Another criticism of permanent courts of appeal is that the judges lack exposure to first instance work and this makes them out of touch with the practicalities of running trials and the difficulties and nuances of sentencing, detrimentally impacting on their judgments. This argument is especially applied to appellate judges appointed directly from the Bar who have no trial judge experience. The difficulty has been overcome in all Australian jurisdictions, at least to some degree, by the practice of ensuring that some trial judges sit from time to time with the permanent judges of appeal, particularly in criminal matters. I have no doubt that regular input from capable, experienced, first instance judges in appellate decision-making is invaluable.

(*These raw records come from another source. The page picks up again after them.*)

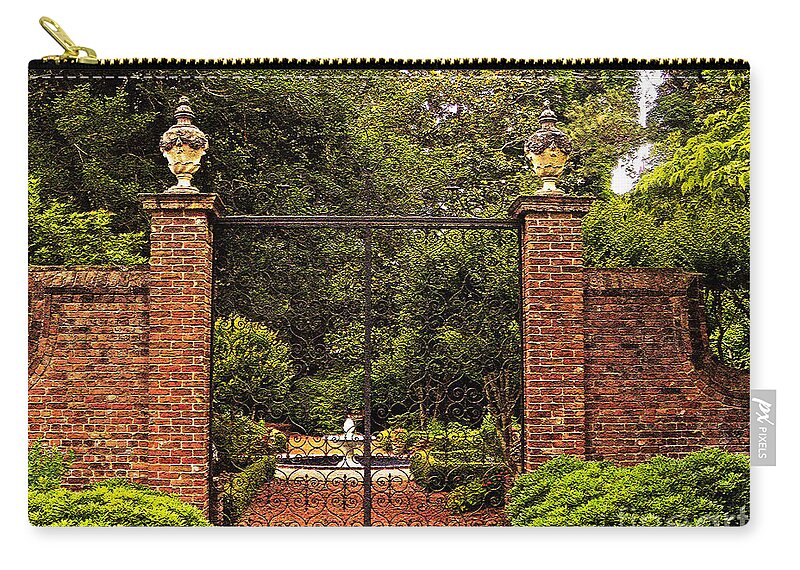 Elizabethan Gardens Zip Pouch featuring the photograph Elizabethan Gardens by Lydia Holly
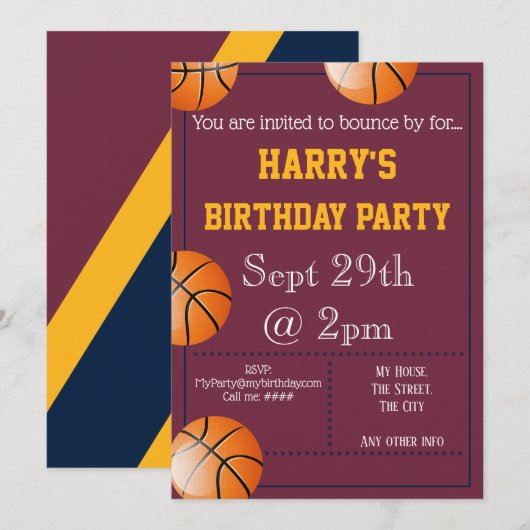 Basketball-Party Einladung bearbeitet (Vorne/Hinten)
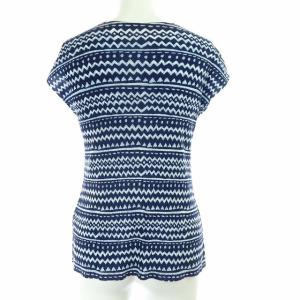 PLEATS PLEASE ISSEY MIYAKE イッセイミヤケ 半袖総柄カットソーブラウス 3 ネイビー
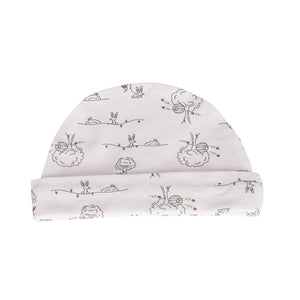 Baby hat with animal pattern on a white background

Another consideration thought to weigh against a permanent court of appeal is that some talented lawyers prefer to take a judicial appointment to a one-tier court where they can do both trial and appellate work. If given the choice of the trial division of a state Supreme Court or of the one-tier Federal Court, they may take the Federal Court. And some permanent appellate judges prefer the variety of work offered by a one-tier court. Some State judges have been lured to the Federal Court, at least in part, for that reason. On the other hand, judges have left the one-tier Federal Court to become permanent judges of appeal in State courts, apparently because of a preference for appellate work, so that perhaps this is not the most compelling of arguments.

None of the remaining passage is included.